Der junge Mann blieb stehen und runzelte die Stirn. »Ich bin sein Verwalter. Ihr seid wohl fremd an diesem Ort.« Es war mehr eine Feststellung als eine Frage.

»Wir sind unterwegs nach Autun zum Konzil, das dort stattfindet. Wir kommen aus dem Land Hibernia.«

Der junge Mann hob verwundert die Brauen, als er den Namen hörte, und sagte dann: »Folgt mir.«

Er führte sie zu einer Tür in einer Ecke des Hofs. Dort befand sich ein Zugang zu einem viereckigen Turm, dem gegenüber ein Bau stand, der offenbar eine Kapelle war. Sie gingen mit ihm eine Treppe aus dunkler Eiche hinauf bis zu einer Tür aus ähnlichem Holz. Hier bat sie der junge Verwalter zu warten. Er klopfte an, öffnete, ohne eine Antwort abzuwarten, ging hinein und schloss die Tür hinter sich. Sie hörten Stimmengemurmel, dann ging die Tür wieder auf, und der junge Mann bedeutete ihnen einzutreten.
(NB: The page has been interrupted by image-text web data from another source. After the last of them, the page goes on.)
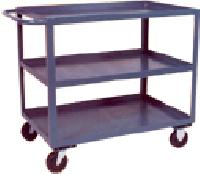 stainless steel tray trolley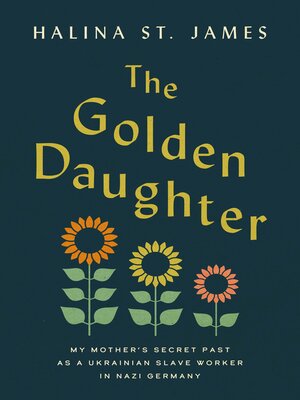 cover image of The Golden Daughter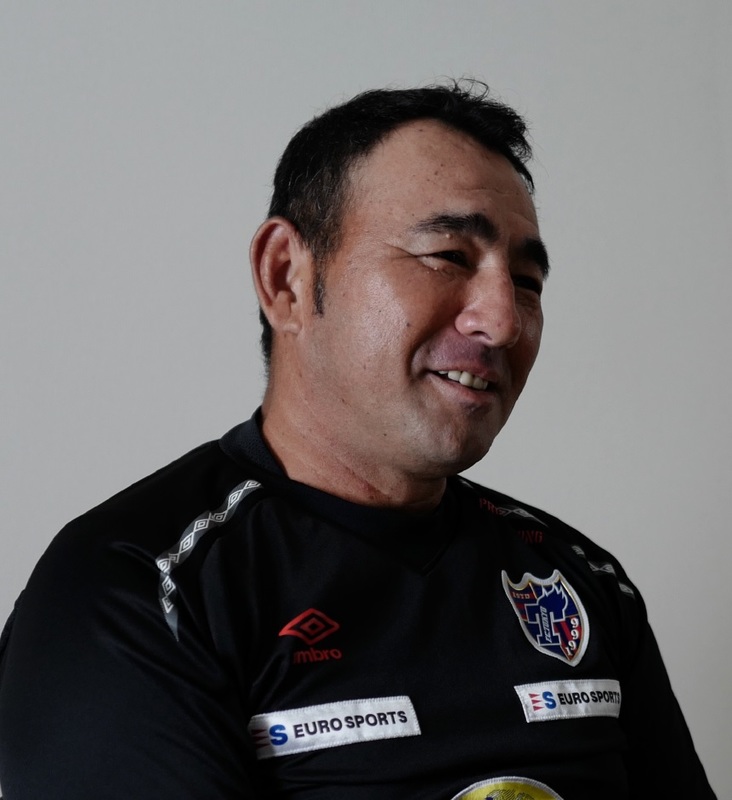 長谷川健太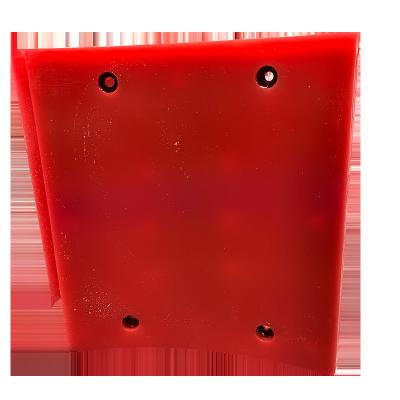 China Durable Polyurethane Products Production And Processing, Special Shaped Polyurethane Pieces To Figure Customization for sale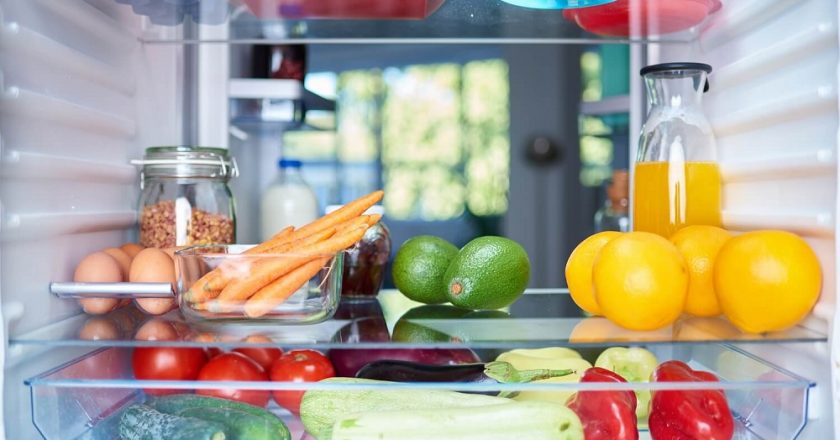 The Best Practices For Keeping Your Refrigerator Organized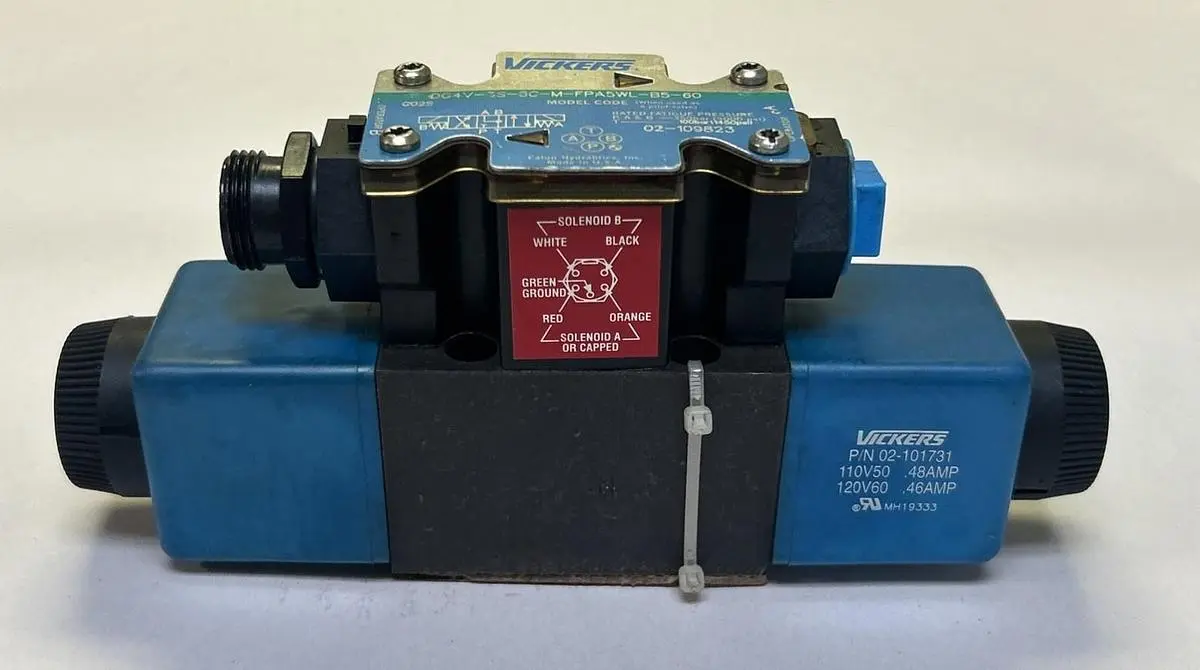 USED VICKERS DG4V-3S-6C-M-FPA5WL-B5-60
Bischof Arigius war ein großer schlanker Mann mit kantigen Gesichtszügen, stechenden dunklen Augen und schmalen roten Lippen. Sein Haar war silbergrau und bereits spärlich. Er hatte sich aus einem Armsessel erhoben, kam ihnen entgegen und begrüßte sie mit einem Lächeln.

Dabei wurden seine gelblichen Zähne sichtbar.
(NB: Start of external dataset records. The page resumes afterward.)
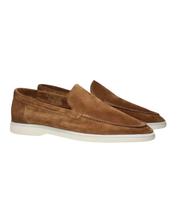 Premium Zamszowe Loafersy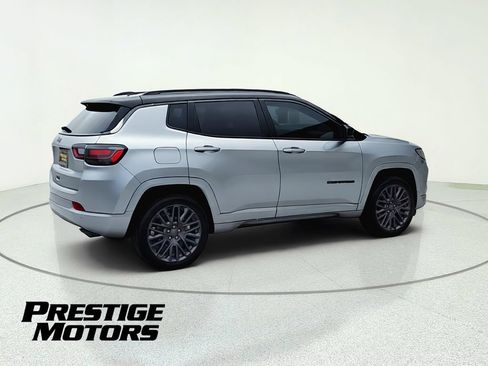 Used 2022 Jeep Compass High Altitude AWD/4WD image 8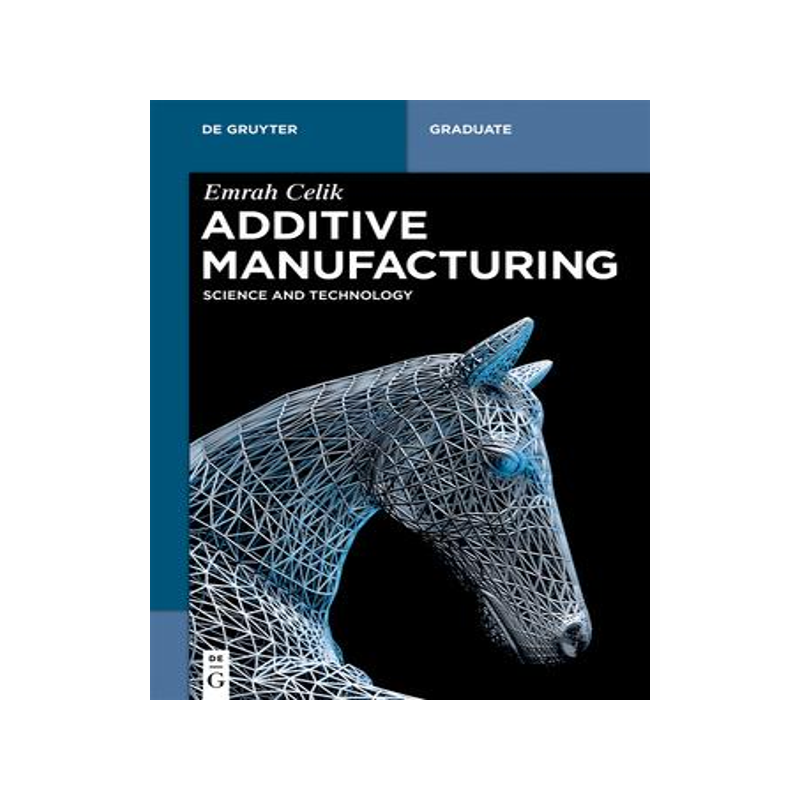 [预订]Additive Manufacturing 9781501518775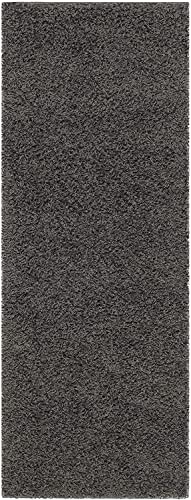 Image of Handwoven Microfibre 3D Rug for Living Room (Dark Beige, 2 X 5 Feet (Runner), Microfibre)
»Pax vobiscum«, hieß er sie freundlich willkommen. »Mein Verwalter berichtet mir, ihr seid auf dem Wege nach Autun, zum Konzil, und kommt aus dem Land Hibernia.« »Das entspricht der Wahrheit«, bestätigte Eadulf und rückte seinen Seesack zurecht.

Dem Bischof entging die Bewegung nicht. »Tretet näher, legt eure Last ab und setzt euch. Leistet mir Gesellschaft bei einem erfrischenden Trunk. Wie wäre es mit einem Glas weißen Weins aus unseren Kellern .?« Er gab dem Verwalter einen Wink, der davoneilte, das Gewünschte zu holen. »Ich bin Bischof Arigius, der zweite dieses Namens, der in der ehrwürdigen Abtei hier seines Amtes waltet.« »Ein beeindruckendes Bauwerk und die Stadt nicht minder, wie wenig wir bisher auch von ihr gesehen haben«, äußerte sich Eadulf höflich, nachdem sie sich vorgestellt hatten. Bischof Arigius lächelte voller Stolz. »In der Tat. Als der große Julius Caesar die römischen Legionen in das Land führte, wählte er diesen Fleck als einen Stützpunkt für seine Truppen. Die Aedui, die Gallier, die hier siedelten, hatten an eben der Stelle eine Hügelfestung errichtet. Caesar ließ sie verstärken und erweitern. Von da an hieß der Ort Noviodunum - nach dem lateinischen novus für neu und dunum, dem gallischen Wort für Festung. Eigentlich bedeutete der Name nichts als >Neue Festung<, und seither ist durch sich wandelnden Sprachgebrauch die gegenwärtige Bezeichnung Nebirnum daraus geworden. Die Stadt war eine der ersten Siedlungen in diesem Land, in denen der Glaube Fuß fassen konnte. Zeitweilig hieß das ganze Gebiet Gallia Christiana, und die Bischöfe hier waren hochberühmt.« »Euer tiefgründiges Wissen über den Ort verdient Anerkennung«, bemerkte Fidelma.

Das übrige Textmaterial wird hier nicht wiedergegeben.